Each Breakout EDU kit comes with two hint cards. The hit cards are a critical element to facilitating a Breakout EDU game. We asked our community how they use the hint cards. If you put your own kit together, make sure you have some hit cards. A link to a PDF can be found at the bottom of the post.
My experience with the hint cards is that teenagers are loathe to use them, and the negotiation that comes from their presence in the game is a great study in compromise and flexibility
While the games are obviously rich with problem solving experiences, I appreciate the inclusion of the hint cards for the life-skills they encourage. Knowing when to ask for help is difficult to teach (not too soon, not too late, just the right time). Living that Goldilocks Moment in conjunction with a well-crafted game adds to the depth Breakout EDU offers.

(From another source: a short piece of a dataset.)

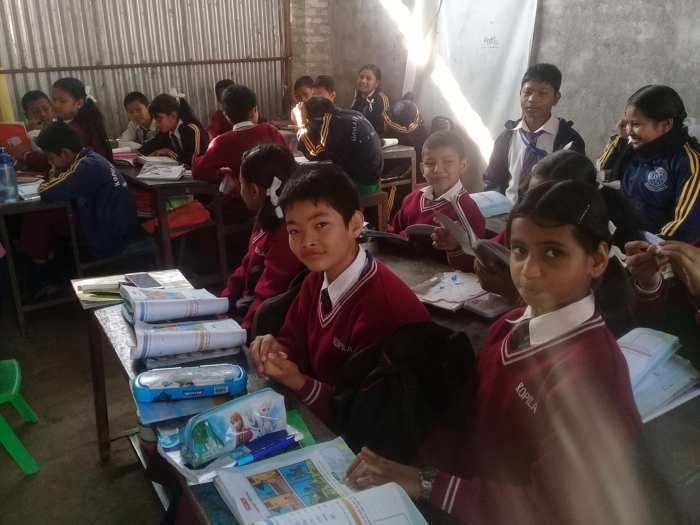 Besser hören, besser lernen - Schülerinnen und Schüler einer Nepalesischen Patenschule der HörPartner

I feel use of the hints is an integral aspect of the game for two reasons. First, the judicious use of the hints is a large part of the strategy. If you use one too early, you might pass a challenge that could have been solved. Also, by concisely recapping where the group is in the game is a terrific skill for students to learn.
Finally, there have been some games that provide a slow trickle of hints as the group gets stuck and I believe the problem with that is that every set of players has a different game. It would be like if a referee was willing to allow some rules to be broken for one set of players, but not another. By providing each game with two hints, all players begin with the same set of challenges and benefits.
As educators, we often intervene too quickly when a student in struggling. In a Breakout game, the hint cards allow the players to work up until their frustration point, but know that they can ask for help if they need it. Setting the limit to two forces the players to use them strategically. Also, making them aware that it’s possible to win the game without hint cards is always a fun challenge.